The Powerhouse
- Established: 2011
- Location: 1333 Camino del Rio Durango, Colorado
- Coordinates: 37°16′44″N 107°52′48″W﻿ / ﻿37.2788°N 107.87997°W
- Type: Science museum
- Website: powsci.org

= Powerhouse Science Center =

The Powerhouse, formerly The Durango Discovery Museum, is an interactive science focused children's museum located in Durango, Colorado. The museum opened on February 23, 2011, in what was once a power plant.

The museum is located in the Durango Light and Power Company building, built in 1892. The plant was a very early alternating current power plant, the power we use today, meaning the town of Durango had AC powered street lights before many large cities in the East. In honor of its past, the museum focuses on energy-related themes throughout its exhibit spaces and in its outreach programs. The renovated Mission-style powerhouse is a state and national historic place. Today, the original boiler room remains intact and serves as the science center's theater.

Located on the bank of the Animas River, along the Animas River Trail, the museum is part of the City of Durango's initiative to revitalize the riverfront to improve Colorado tourism. The Museum is located at 1333 Camino Del Rio, Durango, Colorado.

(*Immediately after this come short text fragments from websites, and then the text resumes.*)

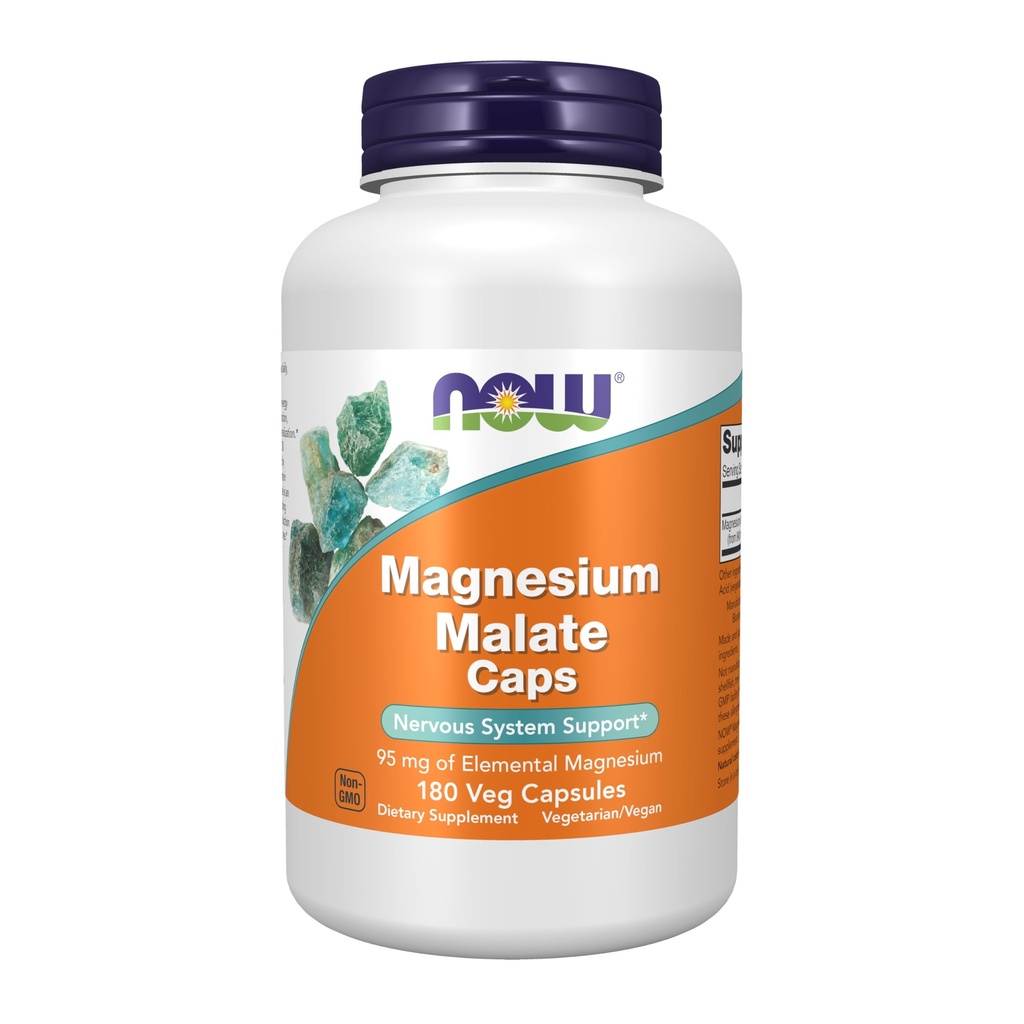 NOW Integratori alimentari, Magnesio Malato Caps con 95 mg di Magnesio Elementale, Supporto di Sistema Nervoso*, 180 capsule di Veg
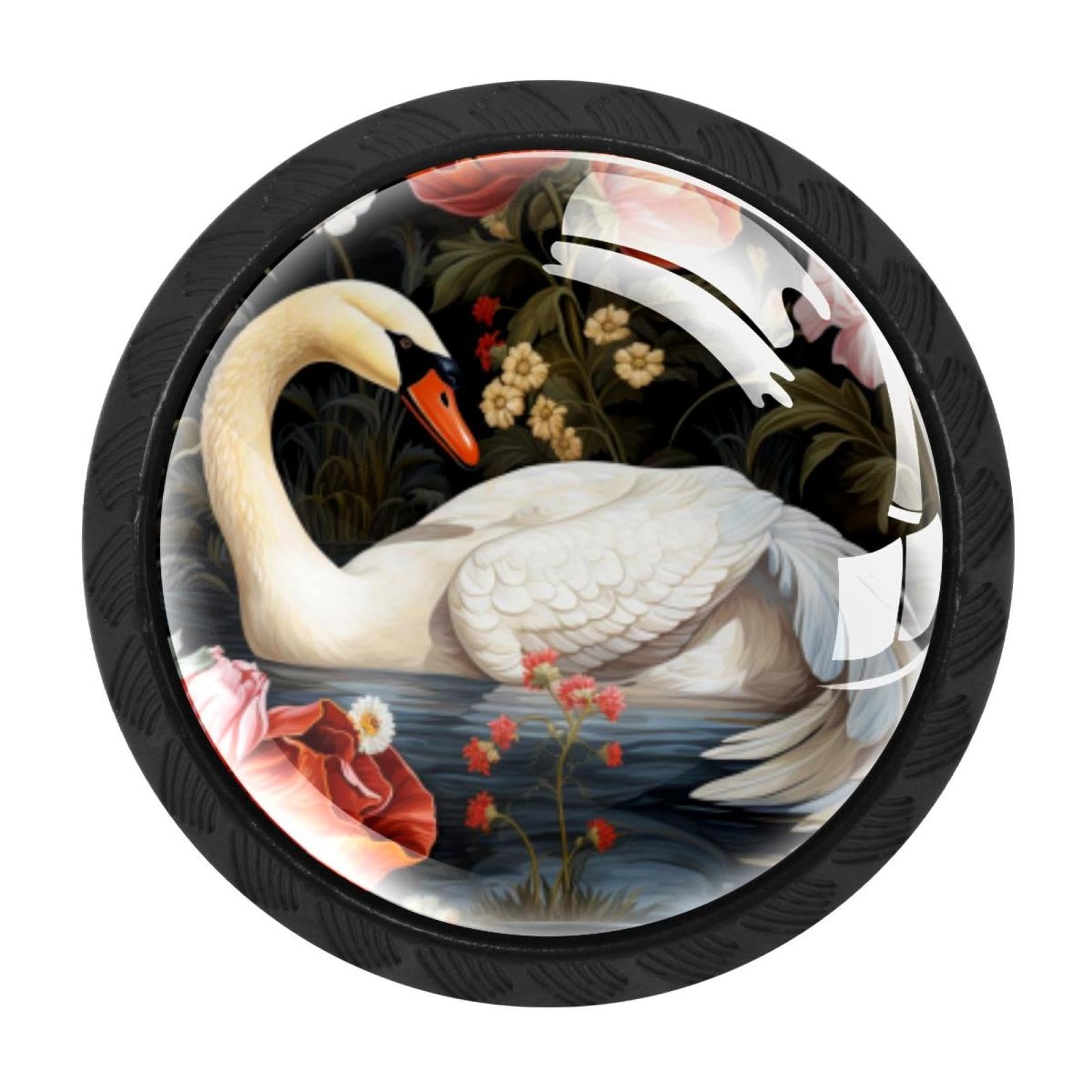 Chenzzzz Multicolored 09 Swan Colorful Drawer Pulls 4 Pcs Handle Glass Door Cabinet Knobs Home Office Kitchen Wardrobe Cupboard Hardware For Dresser Drawers
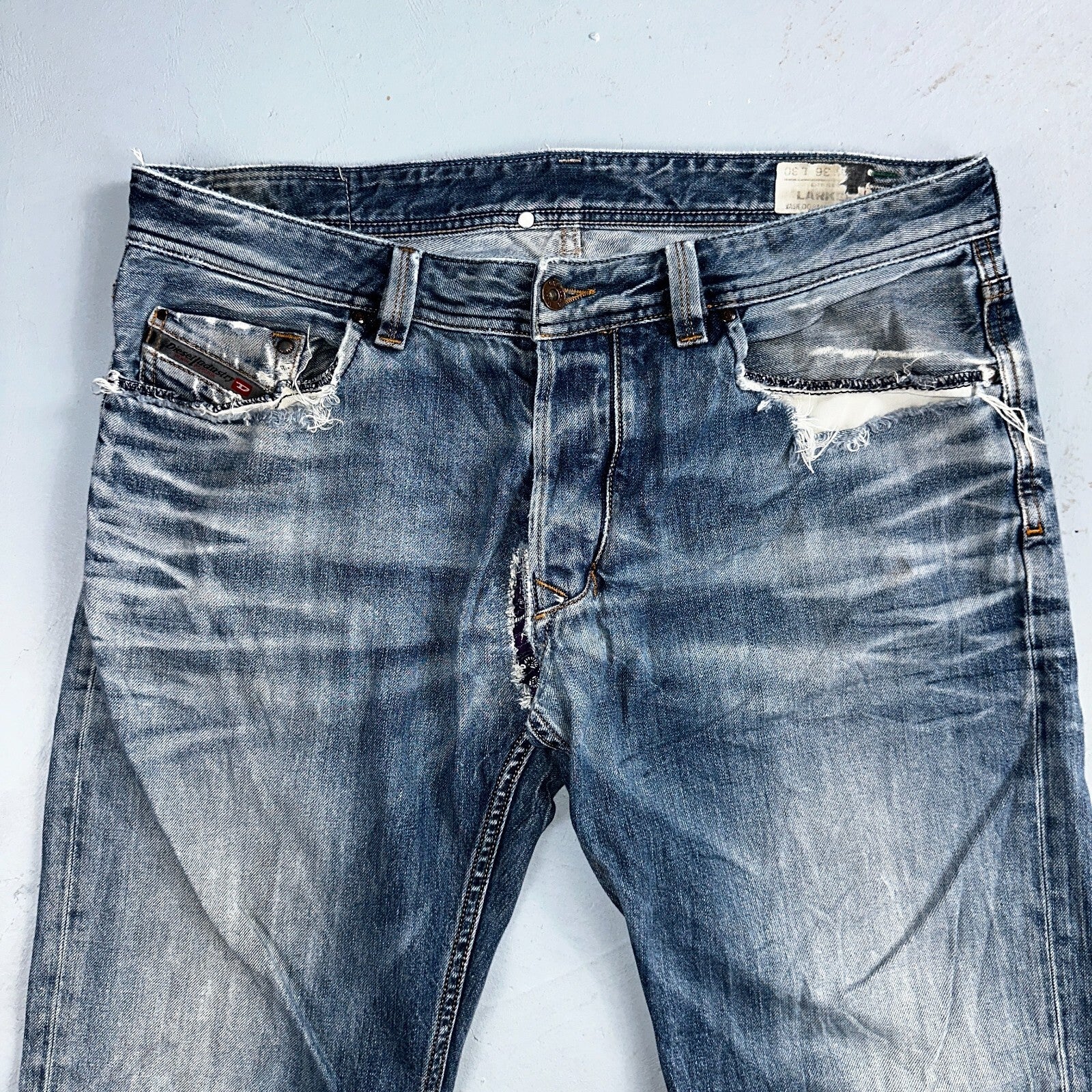 Diesel Larkee Bootcut Stretch Jeans Mens 36x30 Blue Straight 008M2 Whisker Italy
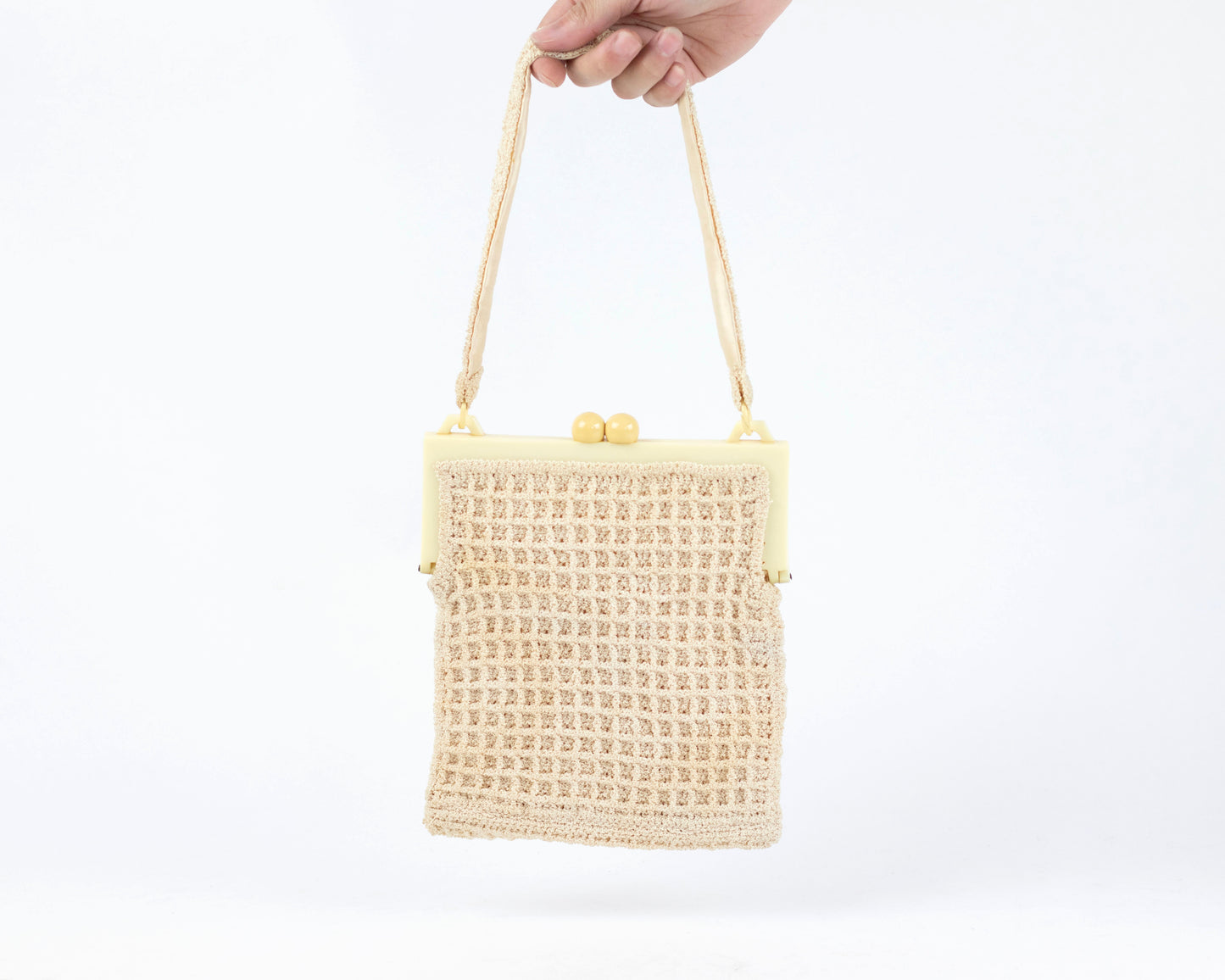 VINTAGE LACE KNIT PURSE WITH LEATHER CARDHOLDER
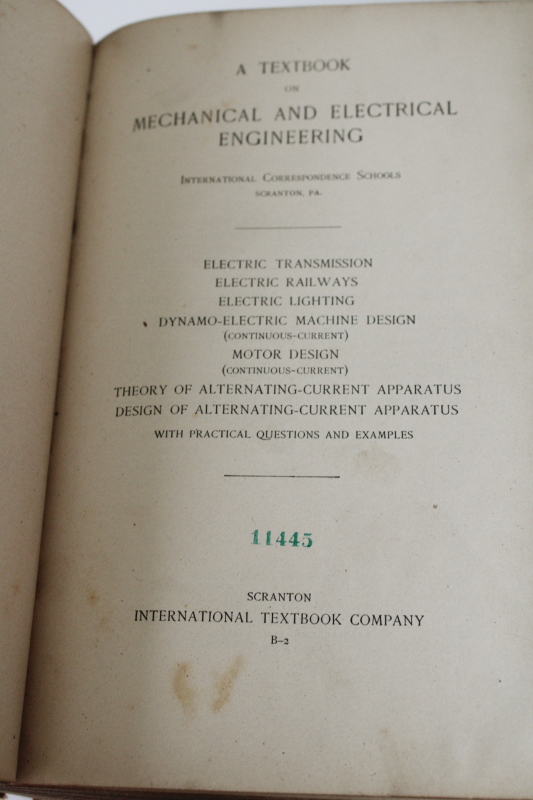 photo of vintage leather bound textbooks Mechanical & Electrical Engineering Scranton technical course books early 1900s  #4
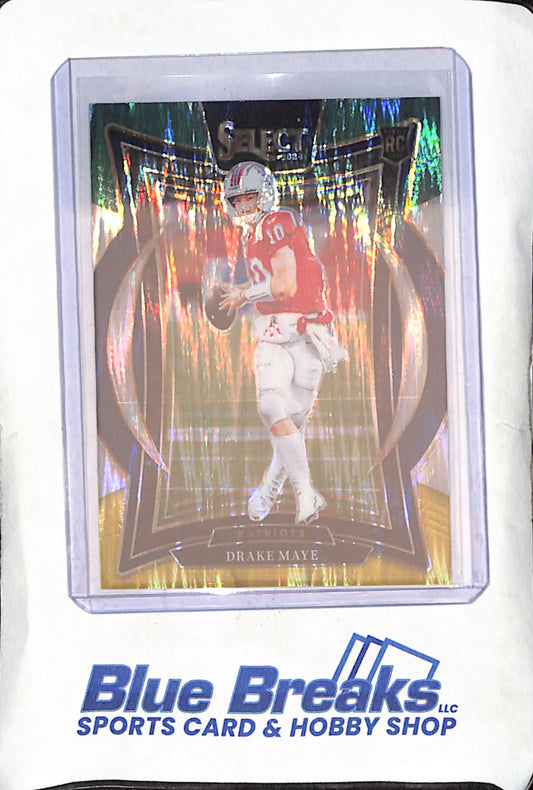 2024 Panini Select - Drake Maye - Green Yellow Prizm Shock - Concourse  - RC - New England Patriots - Football - #27
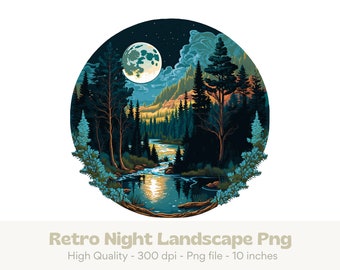 Forest Png, Pine Tree Png, Full Moon Png, Wilderness Png, National Park Png, Scenic Nature Sublimation, Moon River Png, Sublimation Png Men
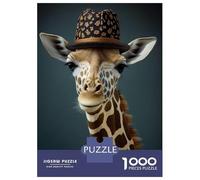Jigsaw Puzzles 1000 Pieces for Adults Giraffe Funny Animal Hat Puzzle for Adults Hands-on Game Improve Memory Deal As Gifts for The Whole Family 38x26cm/1000pcs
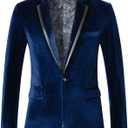 THWEI Mens Velvet Blazer Sport Coat Tuxedo Jacket for Prom Wedding Party Dinner, L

== Events and Activities ==
The Four Corners FIRST LEGO League, a regional Lego Robotics competition, was coordinated by the museum in 2014.

== Reboot ==
The Durango Discovery Museum closed in May 2015 due to financial troubles. Community organizations then began reorganizing and reopened the museum as the Powerhouse Science Center.
As part of the reboot, they also dedicated a small building on the property as a maker lab and hackerspace. The main focus was to offer the community a tinkerspace and provide opportunities for interesting workshops.

== Media ==
Hacking at Leaves is a documentary film by Johannes Grenzfurthner that chronicles the community efforts at the Powerhouse MakerLab during the early days of the COVID-19 pandemic. The lab played a pivotal role in the global response by producing medical equipment for the Four Corners region, focusing specifically on the hard-hit Navajo Nation.